There were just too many pictures to put in the holiday report, so we're pleased to feature more here.

male lion

The two male lions in Addo were brought in from the Kalahari, the most similar race to the lions that would once have been here. They have large darks manes that stretch down between their front legs.


Here's a group of females and large cubs in the shade of some scrub.

Kudu was the mammal we saw most of at Addo. Females lack the twisty horns of the male, above. Alpha males have the longest horns, with most twists.


Warthogs, of course. I think they're cute.

Burchell's zebras

Burchell's zebras. Re-introduced to Addo.


You were just thinking - it's called Addo Elephant National Park, so there must be some! And there are, lots, and increasing steadily.

baby elephant

We saw several young elephants.

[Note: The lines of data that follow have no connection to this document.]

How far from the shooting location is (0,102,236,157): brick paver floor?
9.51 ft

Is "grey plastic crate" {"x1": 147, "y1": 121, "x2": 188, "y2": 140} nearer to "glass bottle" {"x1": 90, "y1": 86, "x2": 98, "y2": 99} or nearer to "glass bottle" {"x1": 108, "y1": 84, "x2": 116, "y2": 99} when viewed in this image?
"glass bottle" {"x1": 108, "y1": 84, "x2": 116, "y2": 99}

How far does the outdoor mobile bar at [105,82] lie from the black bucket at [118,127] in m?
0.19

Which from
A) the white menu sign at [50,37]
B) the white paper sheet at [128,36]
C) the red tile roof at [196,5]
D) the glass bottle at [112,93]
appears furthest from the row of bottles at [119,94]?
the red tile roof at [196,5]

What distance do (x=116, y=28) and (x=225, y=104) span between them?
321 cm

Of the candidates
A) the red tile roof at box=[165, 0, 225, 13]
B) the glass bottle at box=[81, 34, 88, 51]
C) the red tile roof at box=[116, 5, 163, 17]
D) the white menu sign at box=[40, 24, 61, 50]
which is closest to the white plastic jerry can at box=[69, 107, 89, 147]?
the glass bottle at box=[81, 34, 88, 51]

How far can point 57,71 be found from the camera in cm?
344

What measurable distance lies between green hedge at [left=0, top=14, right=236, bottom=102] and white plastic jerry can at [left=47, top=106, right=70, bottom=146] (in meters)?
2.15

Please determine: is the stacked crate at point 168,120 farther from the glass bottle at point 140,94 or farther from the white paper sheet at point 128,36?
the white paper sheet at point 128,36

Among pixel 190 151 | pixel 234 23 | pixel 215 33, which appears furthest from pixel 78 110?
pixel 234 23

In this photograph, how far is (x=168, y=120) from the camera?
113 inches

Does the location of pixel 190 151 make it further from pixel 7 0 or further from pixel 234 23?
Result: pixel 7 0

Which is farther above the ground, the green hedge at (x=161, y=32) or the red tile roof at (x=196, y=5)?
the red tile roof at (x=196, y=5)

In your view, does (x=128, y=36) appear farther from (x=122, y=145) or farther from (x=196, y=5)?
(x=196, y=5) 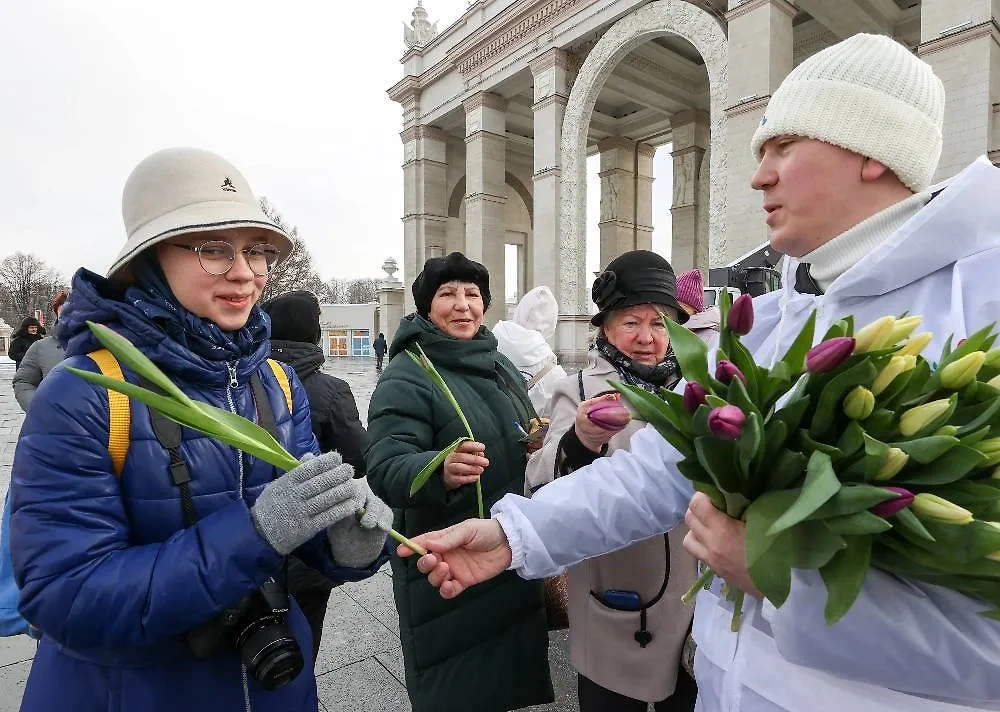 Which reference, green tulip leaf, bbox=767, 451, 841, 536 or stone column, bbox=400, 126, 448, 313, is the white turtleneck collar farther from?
stone column, bbox=400, 126, 448, 313

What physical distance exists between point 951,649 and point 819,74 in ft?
3.89

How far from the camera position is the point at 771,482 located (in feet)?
2.64

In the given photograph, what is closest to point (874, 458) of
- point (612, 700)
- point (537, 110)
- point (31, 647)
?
point (612, 700)

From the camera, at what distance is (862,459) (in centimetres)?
75

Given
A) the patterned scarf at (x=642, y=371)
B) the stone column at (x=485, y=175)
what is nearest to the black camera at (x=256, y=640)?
the patterned scarf at (x=642, y=371)

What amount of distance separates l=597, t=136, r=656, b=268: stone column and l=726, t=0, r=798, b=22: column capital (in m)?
9.68

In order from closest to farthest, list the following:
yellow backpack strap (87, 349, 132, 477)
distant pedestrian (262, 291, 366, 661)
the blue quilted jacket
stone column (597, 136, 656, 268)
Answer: the blue quilted jacket → yellow backpack strap (87, 349, 132, 477) → distant pedestrian (262, 291, 366, 661) → stone column (597, 136, 656, 268)

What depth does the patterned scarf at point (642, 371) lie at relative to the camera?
221 centimetres

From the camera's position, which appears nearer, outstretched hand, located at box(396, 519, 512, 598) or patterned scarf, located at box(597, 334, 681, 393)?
outstretched hand, located at box(396, 519, 512, 598)

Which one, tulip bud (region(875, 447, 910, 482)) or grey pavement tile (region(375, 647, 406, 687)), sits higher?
tulip bud (region(875, 447, 910, 482))

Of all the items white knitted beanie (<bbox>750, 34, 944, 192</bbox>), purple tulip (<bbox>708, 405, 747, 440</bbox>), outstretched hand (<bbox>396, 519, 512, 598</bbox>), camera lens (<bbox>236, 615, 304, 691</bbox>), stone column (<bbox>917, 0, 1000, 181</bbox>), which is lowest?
camera lens (<bbox>236, 615, 304, 691</bbox>)

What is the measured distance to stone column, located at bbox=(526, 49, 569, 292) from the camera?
15.8m

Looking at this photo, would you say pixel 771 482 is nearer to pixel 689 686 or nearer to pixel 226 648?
pixel 226 648

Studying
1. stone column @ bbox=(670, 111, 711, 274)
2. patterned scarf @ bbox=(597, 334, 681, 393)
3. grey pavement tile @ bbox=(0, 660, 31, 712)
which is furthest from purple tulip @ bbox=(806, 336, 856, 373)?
stone column @ bbox=(670, 111, 711, 274) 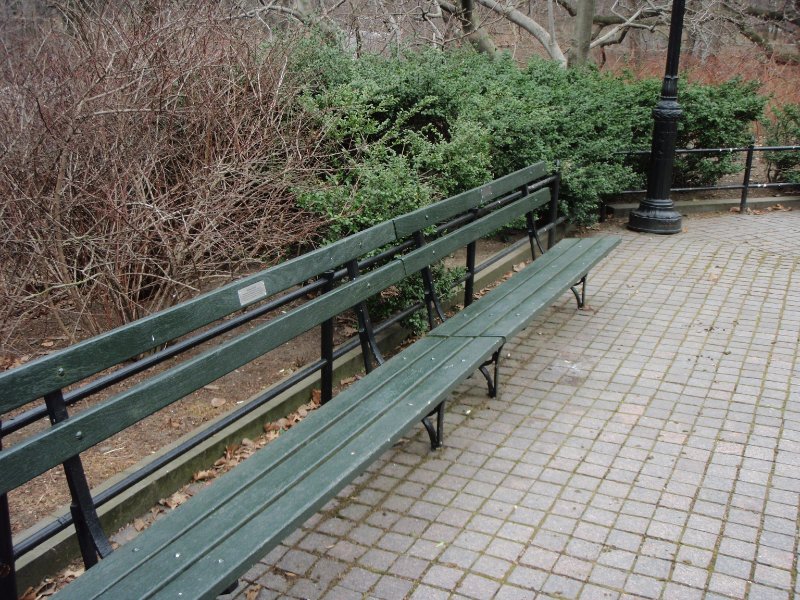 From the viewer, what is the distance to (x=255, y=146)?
6109 millimetres

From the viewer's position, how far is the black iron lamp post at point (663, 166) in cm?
857

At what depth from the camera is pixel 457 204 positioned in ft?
17.3

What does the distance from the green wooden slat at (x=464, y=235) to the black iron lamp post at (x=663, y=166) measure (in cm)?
280

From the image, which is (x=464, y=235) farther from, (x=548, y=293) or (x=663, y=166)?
(x=663, y=166)

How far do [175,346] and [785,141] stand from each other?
10.0 metres

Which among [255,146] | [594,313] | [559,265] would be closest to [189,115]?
[255,146]

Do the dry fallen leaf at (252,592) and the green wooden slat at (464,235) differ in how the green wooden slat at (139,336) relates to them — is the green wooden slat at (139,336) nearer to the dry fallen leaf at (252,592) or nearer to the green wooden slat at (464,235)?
the green wooden slat at (464,235)

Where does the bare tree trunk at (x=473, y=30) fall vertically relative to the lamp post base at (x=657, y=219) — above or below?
above

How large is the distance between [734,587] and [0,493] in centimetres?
274

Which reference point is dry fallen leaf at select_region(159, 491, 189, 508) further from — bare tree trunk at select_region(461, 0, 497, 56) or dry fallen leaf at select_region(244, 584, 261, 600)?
bare tree trunk at select_region(461, 0, 497, 56)

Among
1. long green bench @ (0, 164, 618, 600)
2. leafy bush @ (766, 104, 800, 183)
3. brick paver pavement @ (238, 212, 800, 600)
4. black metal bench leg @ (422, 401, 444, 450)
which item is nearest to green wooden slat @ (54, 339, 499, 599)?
long green bench @ (0, 164, 618, 600)

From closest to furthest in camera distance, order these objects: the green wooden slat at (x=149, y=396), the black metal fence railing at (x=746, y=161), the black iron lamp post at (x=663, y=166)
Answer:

This one's just a few days old.

spotted hyaena

Only one of our two buses was lucky enough to catch this spotted hyaena in one of the park's several waterholes. It's also behind the jackal below.

black-backed jackal

We saw most black-backed jackals on two night drives, but a few during the day too.

yellow mongoose

Yellow mongoose was seen all four days at Addo.

red hartebeest

Red hartebeest. Other antelopes we recorded were eland, common duiker, on a night drive, and bushbuck.

Other mammals we saw in Addo: scrub hare, small grey mongoose, striped mouse, porcupine, karoo bush rat, springhare and meercat.

vervet monkey

Vervet monkey - also seen by the coast.

rock hyrax

Rock hyrax, or rock dassie, this one photographed by the coast.


OK, it's not a mammal, but where there are elephants there is dung. Flightless dung beetle Circellium bacchus is the species here.

Dung beetles prefer buffalo (above) and elephant dung, we learnt.

dung beetle

‘Dung beetles have right of way' says the South African National Parks’ sign as you leave the Addo camp and drive into the park.

It continues: ‘Do not drive over dung beetles or elephant dung’, to emphase the importance of the beetles’ role in the park’s ecosystem.

dung beetles

Our dates at Addo: we arrived on the evening of 5 November 2009, had four full days 6-9 November, leaving on 10 November.